▶ **PROVIDED INFORMATION**:

::::

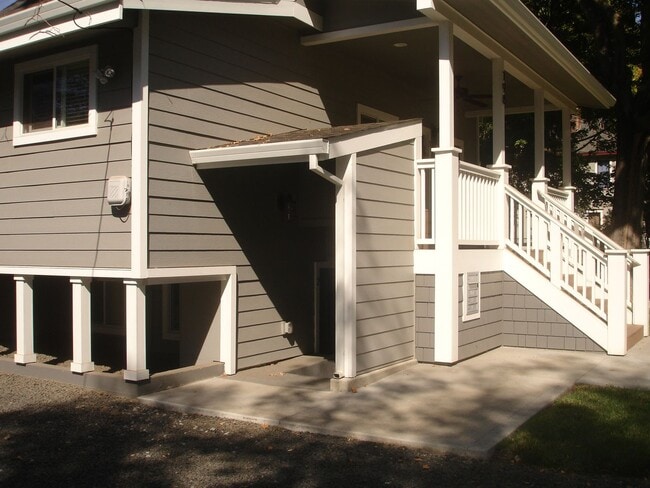 Building Photo - 198 E 1st Ave Unit 2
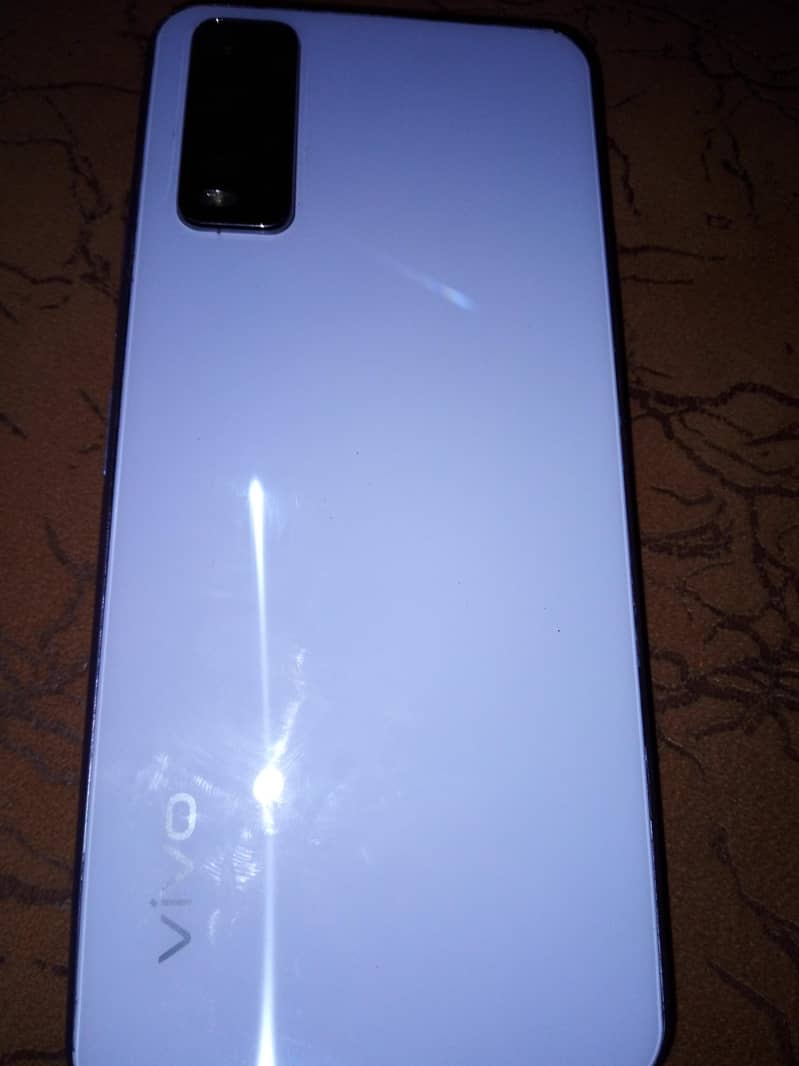 8/ 256gb  what's up. number . 03708420546 6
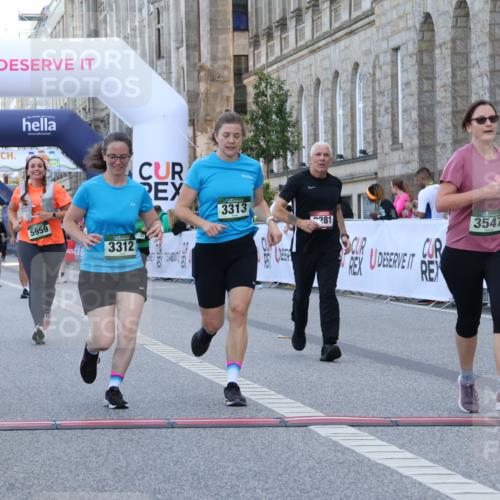 07.09.2025 - BARMER Alsterlauf Strokosch-Dieckow http://msf.ph/oto/8725614 07.09.2025 10:22:22 Ziel 2115, 2281, 3312, 3313, 3547, 3887, 4029, 5959 meine-sportfotos.de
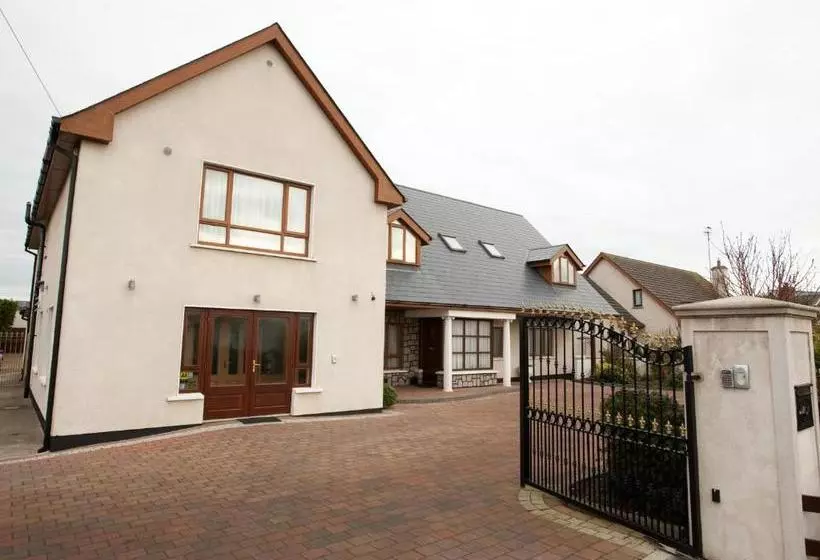 Sandyhills Bed & Breakfast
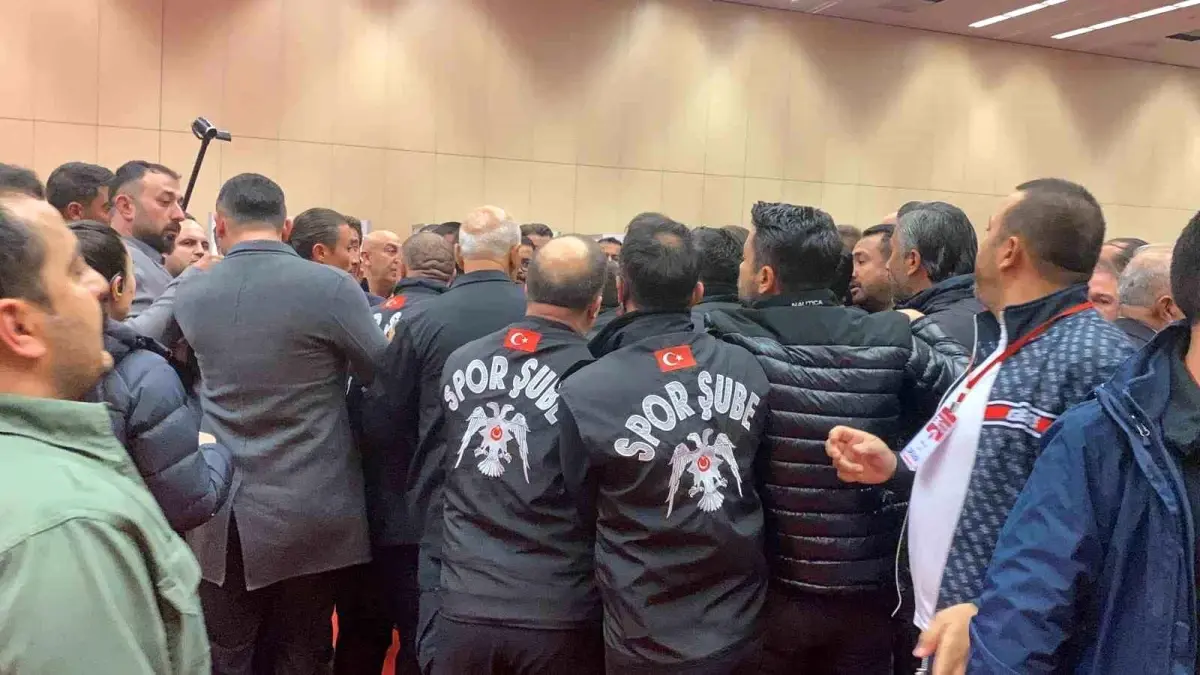 Gençlerbirliği Genel Kurulunda Şok Gelişme: Başkan Adayı Mecburiyetten Çekildi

::::

▶ **WHAT IS EXPECTED**: Would you set down the listing exactly, omitting pictures?

▶ **WRITTEN SOLUTION**:
 Building Photo - 198 E 1st Ave Unit 2
 8/ 256gb  what's up. number . 03708420546 6
 07.09.2025 - BARMER Alsterlauf Strokosch-Dieckow http://msf.ph/oto/8725614 07.09.2025 10:22:22 Ziel 2115, 2281, 3312, 3313, 3547, 3887, 4029, 5959 meine-sportfotos.de
 Sandyhills Bed & Breakfast
 Gençlerbirliği Genel Kurulunda Şok Gelişme: Başkan Adayı Mecburiyetten Çekildi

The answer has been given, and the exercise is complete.